*Your goal*: Once the images are set aside, write out the rest of the records exactly.

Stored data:
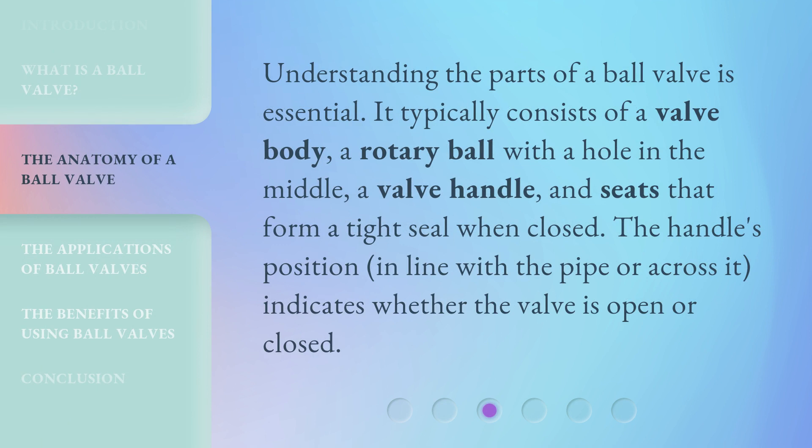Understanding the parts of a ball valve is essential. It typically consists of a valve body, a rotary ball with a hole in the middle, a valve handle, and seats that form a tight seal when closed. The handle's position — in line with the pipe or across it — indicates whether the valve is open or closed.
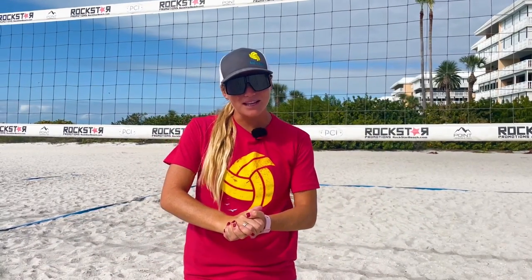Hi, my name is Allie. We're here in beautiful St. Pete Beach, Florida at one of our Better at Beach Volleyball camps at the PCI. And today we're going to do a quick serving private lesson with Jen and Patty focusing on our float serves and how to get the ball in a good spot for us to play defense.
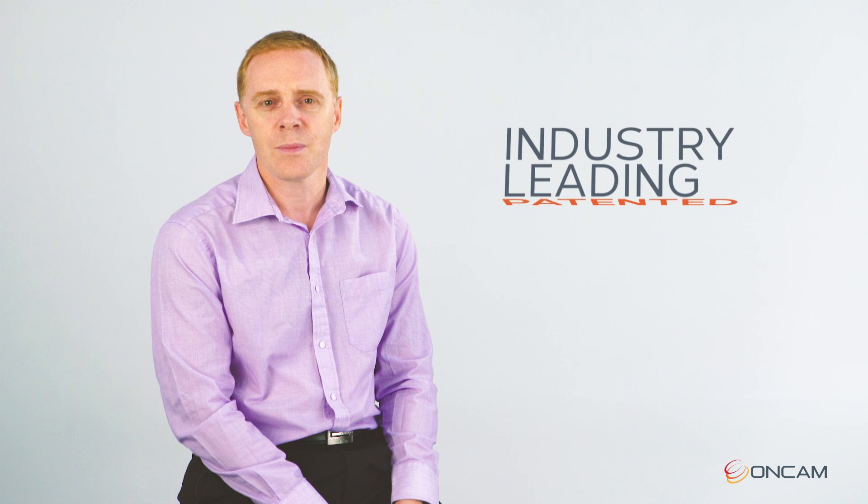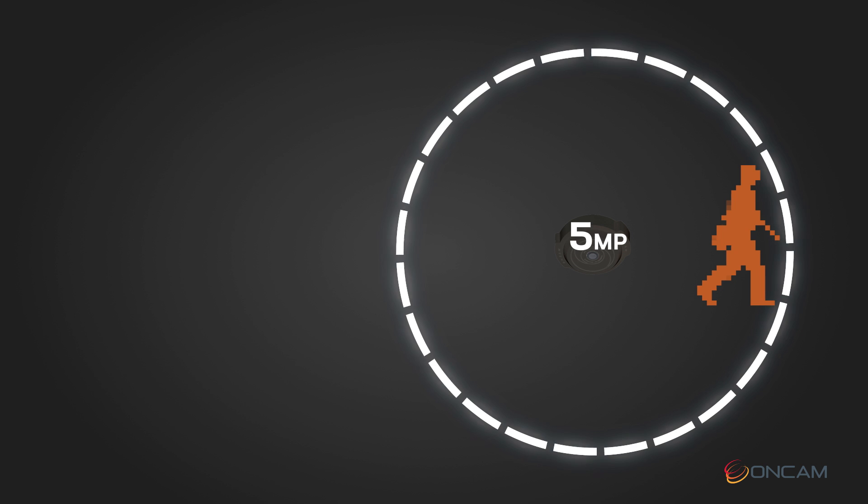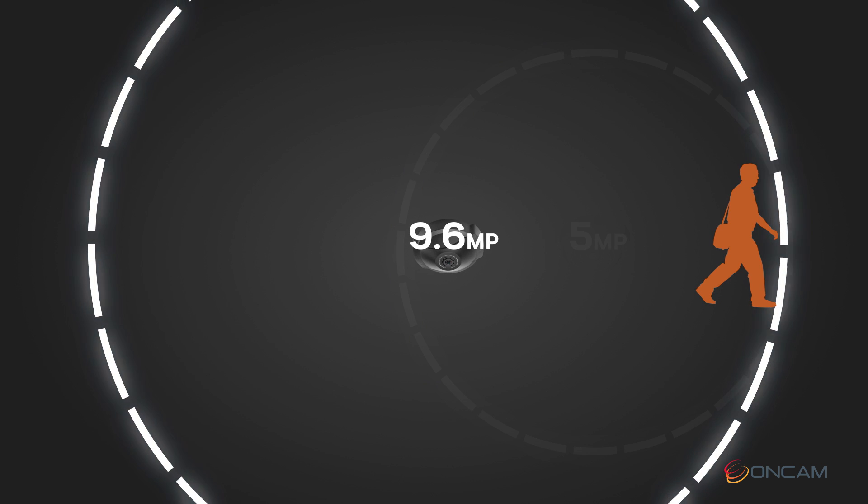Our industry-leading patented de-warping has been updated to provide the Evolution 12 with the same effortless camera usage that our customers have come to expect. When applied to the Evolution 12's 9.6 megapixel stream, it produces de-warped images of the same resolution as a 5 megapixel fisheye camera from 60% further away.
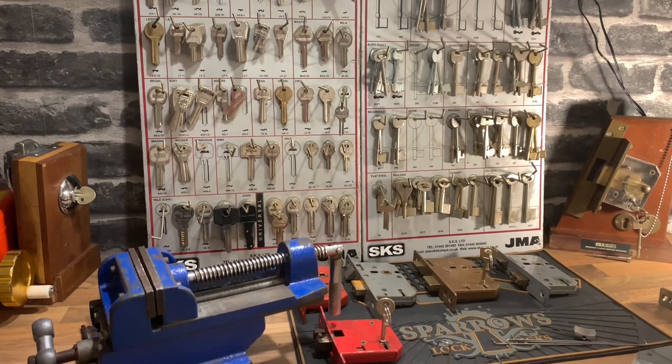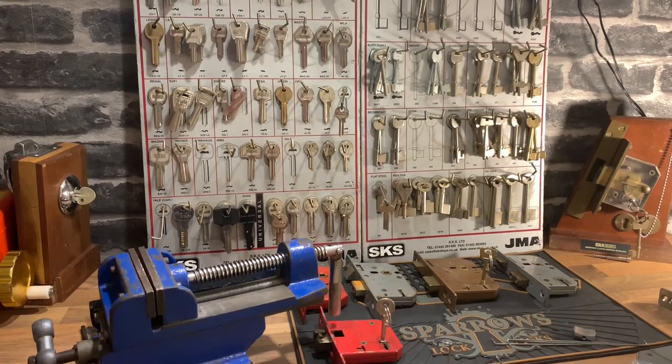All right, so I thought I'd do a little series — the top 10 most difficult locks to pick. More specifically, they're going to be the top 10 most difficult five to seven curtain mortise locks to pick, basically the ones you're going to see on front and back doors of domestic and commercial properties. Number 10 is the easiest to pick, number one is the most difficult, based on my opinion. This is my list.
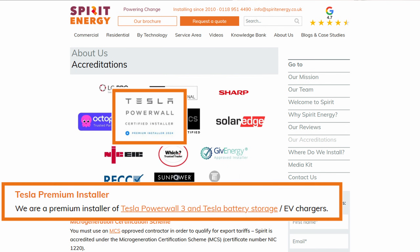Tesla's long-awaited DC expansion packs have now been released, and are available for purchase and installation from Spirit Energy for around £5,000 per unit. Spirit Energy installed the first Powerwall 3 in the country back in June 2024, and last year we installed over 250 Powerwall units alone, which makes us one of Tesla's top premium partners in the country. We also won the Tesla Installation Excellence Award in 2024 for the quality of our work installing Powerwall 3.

*Response box*:
Understanding the parts of a ball valve is essential. It typically consists of a valve body, a rotary ball with a hole in the middle, a valve handle, and seats that form a tight seal when closed. The handle's position — in line with the pipe or across it — indicates whether the valve is open or closed.
Hi, my name is Allie. We're here in beautiful St. Pete Beach, Florida at one of our Better at Beach Volleyball camps at the PCI. And today we're going to do a quick serving private lesson with Jen and Patty focusing on our float serves and how to get the ball in a good spot for us to play defense.
Our industry-leading patented de-warping has been updated to provide the Evolution 12 with the same effortless camera usage that our customers have come to expect. When applied to the Evolution 12's 9.6 megapixel stream, it produces de-warped images of the same resolution as a 5 megapixel fisheye camera from 60% further away.
All right, so I thought I'd do a little series — the top 10 most difficult locks to pick. More specifically, they're going to be the top 10 most difficult five to seven curtain mortise locks to pick, basically the ones you're going to see on front and back doors of domestic and commercial properties. Number 10 is the easiest to pick, number one is the most difficult, based on my opinion. This is my list.
Tesla's long-awaited DC expansion packs have now been released, and are available for purchase and installation from Spirit Energy for around £5,000 per unit. Spirit Energy installed the first Powerwall 3 in the country back in June 2024, and last year we installed over 250 Powerwall units alone, which makes us one of Tesla's top premium partners in the country. We also won the Tesla Installation Excellence Award in 2024 for the quality of our work installing Powerwall 3.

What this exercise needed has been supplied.